# Lelit Elizabeth service boiler stops heating after almost reaching set temperature



## orli (11 mo ago)

Hi, the service boiler on my machine currently does not heat up correctly.

The temperature is set to 145 °C. On start up, the machine heats to about 143°C, and then stops heating.

When I open the steam valve, the temperature drops and keeps dropping, I managed to get it to 110°C.

Normally, the service boiler should start to heat up again, but it does not.

Only if I turn the machine off and on again, after letting it cool, it starts heating again.

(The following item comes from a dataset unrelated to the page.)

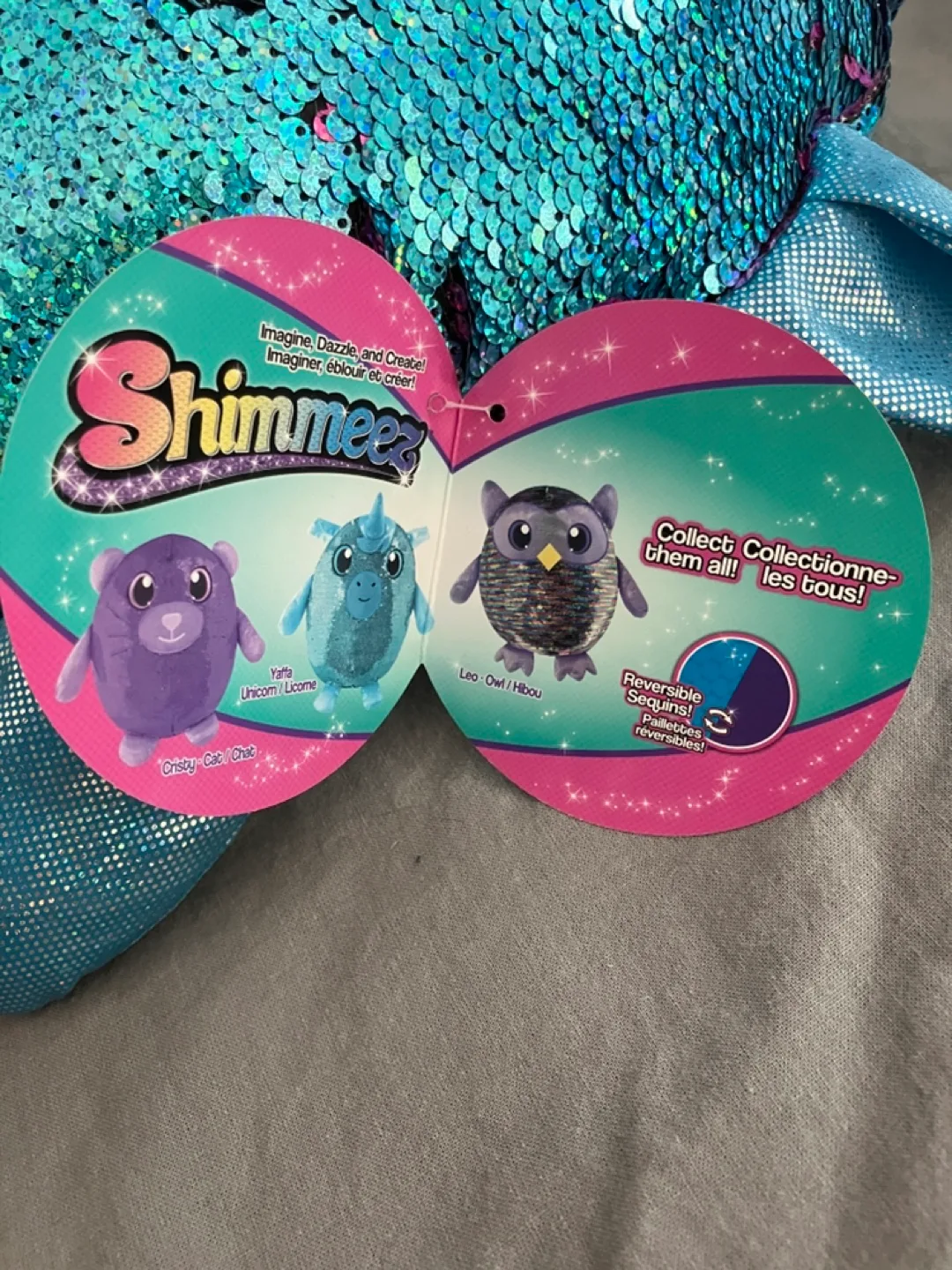 Shimmeez Reversible Sequin Plush Cat Toy image indicator(3)
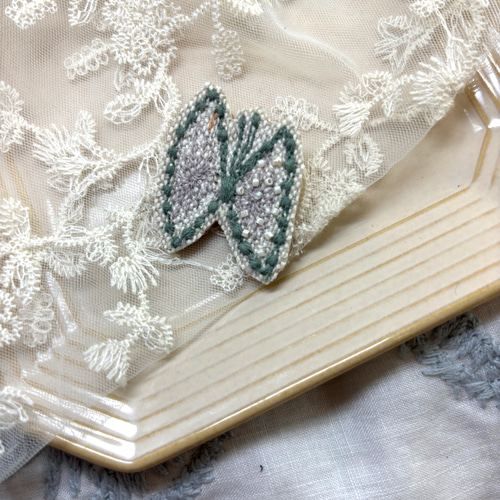 全国どこでも送料無料！ ミナペルホネン mina ブローチ☆つづく展 ちょうちょ アクセサリー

Maybe it is related to some safety thermostat going off? I already opened the machine and tried to press the limit stats, like here:

https://www.coffeeforums.co.uk/topic/57802-lelit-elizabeth-service-boiler-issue/?do=embed&comment=815448&embedComment=815448&embedDo=findComment

But on my machine, there only is one limit stat on the top side? (


http://imgur.com/5erqpO2

)

When I set the temperature lower, for example to 130°C everything works as expected.

Could this be related to some kind of software Issue? Did any of you experience something like this before?

I already reset the LCC, the steam temperature offset (Es) is set to 5°C.

Maybe someone has a similar problem, or an idea how to fix this? THe machine is brand-new.

Thanks for helping!


----------



## orli (11 mo ago)

According to lelit docs, normally there should be two limit switches:


http://imgur.com/LSxqYZO


But I only have one 🤔


http://imgur.com/5erqpO2


----------



## orli (11 mo ago)

Exchanging the Thermostats fixed the problem for me.


----------



## Inspector (Feb 23, 2017)

by the way why would you have steam temperature offset? I would zero it.


----------